(Source records)
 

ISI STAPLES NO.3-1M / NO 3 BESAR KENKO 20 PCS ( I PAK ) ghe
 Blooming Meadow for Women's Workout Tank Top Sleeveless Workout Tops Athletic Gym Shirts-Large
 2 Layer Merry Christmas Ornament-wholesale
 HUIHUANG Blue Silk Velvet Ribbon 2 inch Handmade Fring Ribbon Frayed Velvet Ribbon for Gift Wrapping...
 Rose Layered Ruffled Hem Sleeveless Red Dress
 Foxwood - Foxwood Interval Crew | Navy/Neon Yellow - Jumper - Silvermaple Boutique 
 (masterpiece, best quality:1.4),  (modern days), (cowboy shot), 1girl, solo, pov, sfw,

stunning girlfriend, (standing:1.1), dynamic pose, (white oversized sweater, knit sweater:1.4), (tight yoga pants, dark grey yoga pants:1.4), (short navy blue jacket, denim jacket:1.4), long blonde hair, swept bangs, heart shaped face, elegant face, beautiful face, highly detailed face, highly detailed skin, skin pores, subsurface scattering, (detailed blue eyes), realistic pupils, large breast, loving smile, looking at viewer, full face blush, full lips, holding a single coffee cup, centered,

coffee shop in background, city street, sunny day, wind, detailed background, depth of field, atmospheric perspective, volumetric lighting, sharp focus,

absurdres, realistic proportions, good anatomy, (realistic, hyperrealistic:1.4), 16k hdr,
==
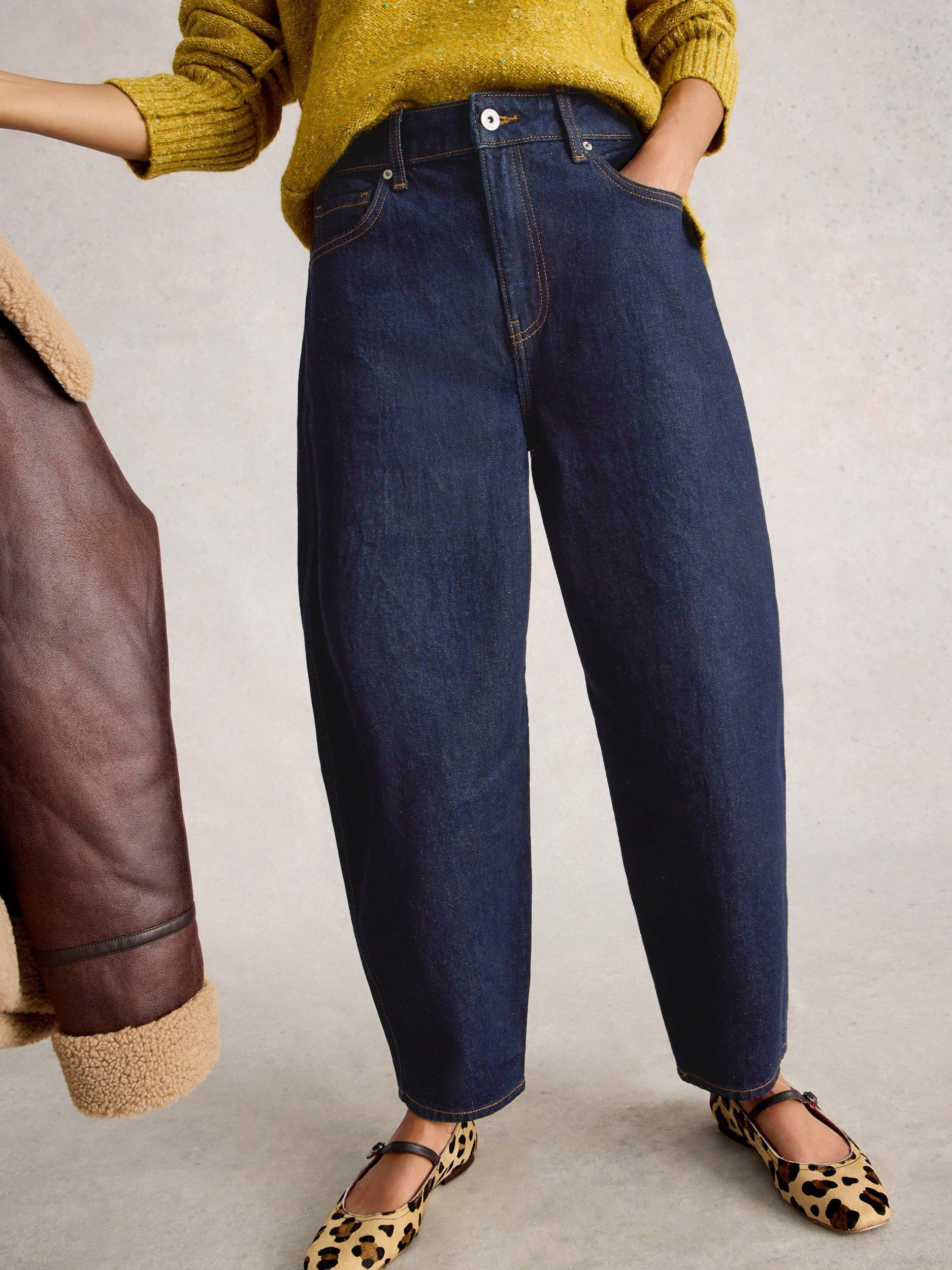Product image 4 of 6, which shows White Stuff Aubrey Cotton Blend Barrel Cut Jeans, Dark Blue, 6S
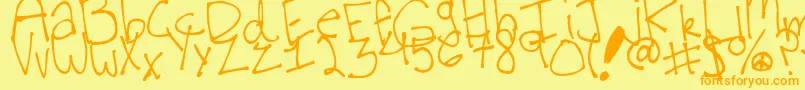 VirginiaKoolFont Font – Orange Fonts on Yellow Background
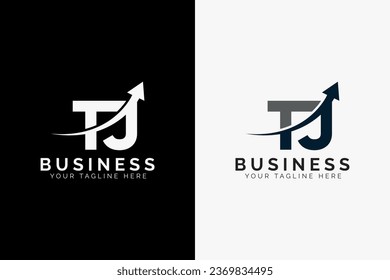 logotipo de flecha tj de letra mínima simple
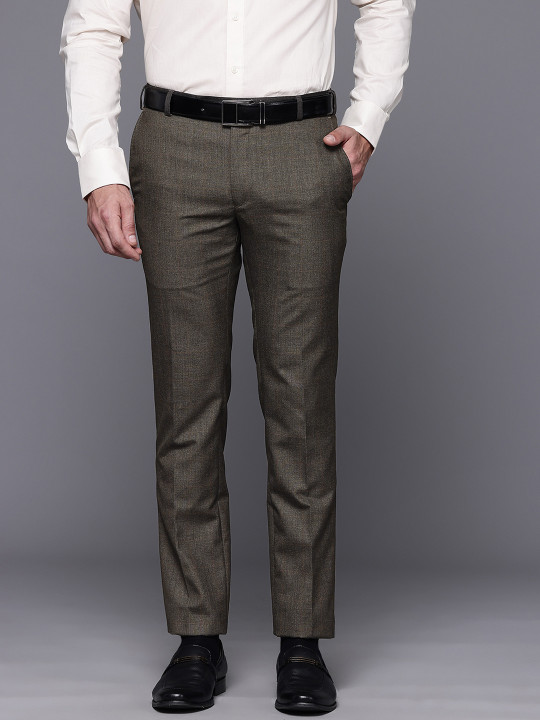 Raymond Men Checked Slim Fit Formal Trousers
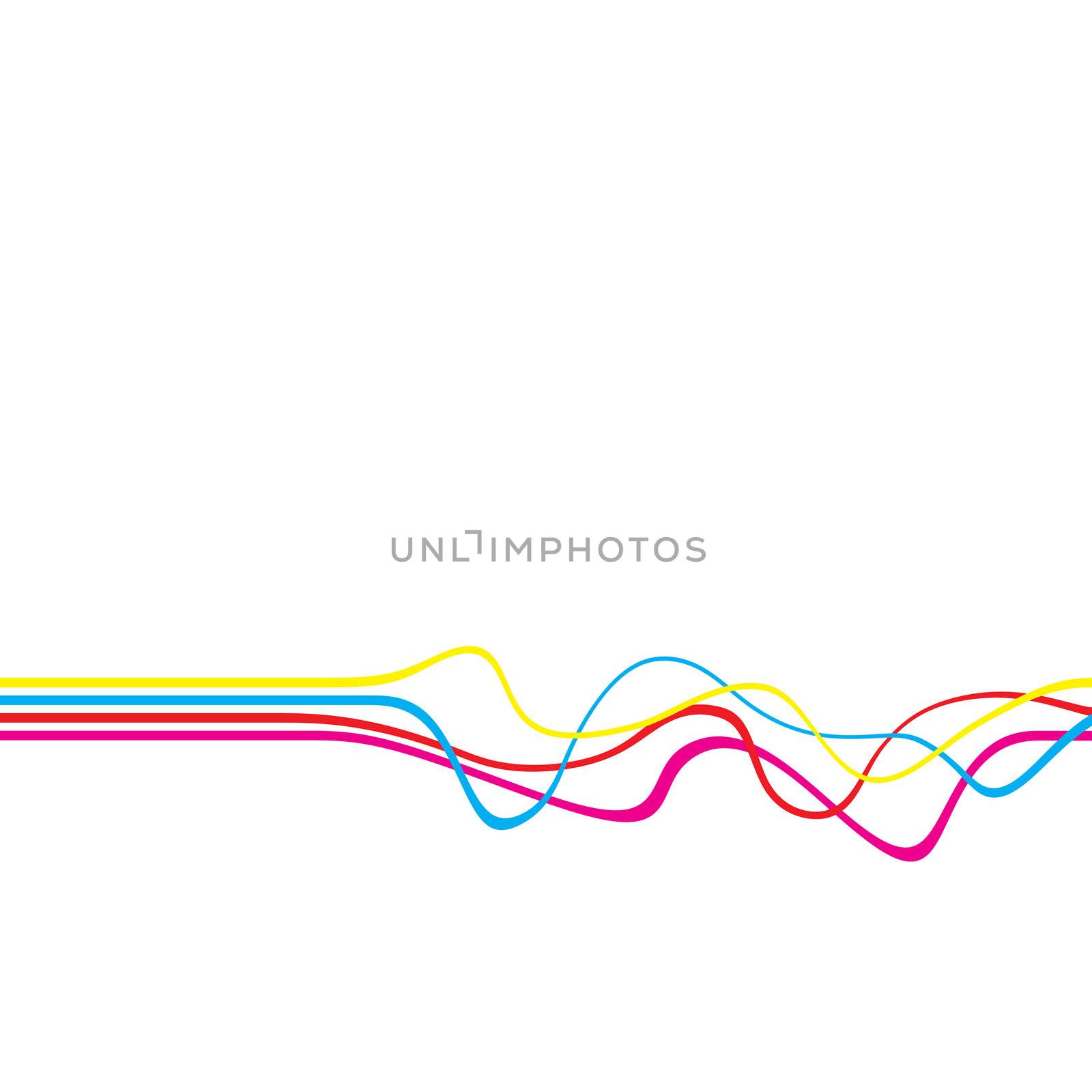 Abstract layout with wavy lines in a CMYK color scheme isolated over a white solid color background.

(Task description) From the records above, print exactly the lines that run from the line with "ISI STAPLES NO.3-1M" to the line with "absurdres, realistic proportions, good", inclusive.

(Solution for this exercise)
ISI STAPLES NO.3-1M / NO 3 BESAR KENKO 20 PCS ( I PAK ) ghe
 Blooming Meadow for Women's Workout Tank Top Sleeveless Workout Tops Athletic Gym Shirts-Large
 2 Layer Merry Christmas Ornament-wholesale
 HUIHUANG Blue Silk Velvet Ribbon 2 inch Handmade Fring Ribbon Frayed Velvet Ribbon for Gift Wrapping...
 Rose Layered Ruffled Hem Sleeveless Red Dress
 Foxwood - Foxwood Interval Crew | Navy/Neon Yellow - Jumper - Silvermaple Boutique 
 (masterpiece, best quality:1.4),  (modern days), (cowboy shot), 1girl, solo, pov, sfw,

stunning girlfriend, (standing:1.1), dynamic pose, (white oversized sweater, knit sweater:1.4), (tight yoga pants, dark grey yoga pants:1.4), (short navy blue jacket, denim jacket:1.4), long blonde hair, swept bangs, heart shaped face, elegant face, beautiful face, highly detailed face, highly detailed skin, skin pores, subsurface scattering, (detailed blue eyes), realistic pupils, large breast, loving smile, looking at viewer, full face blush, full lips, holding a single coffee cup, centered,

coffee shop in background, city street, sunny day, wind, detailed background, depth of field, atmospheric perspective, volumetric lighting, sharp focus,

absurdres, realistic proportions, good anatomy, (realistic, hyperrealistic:1.4), 16k hdr,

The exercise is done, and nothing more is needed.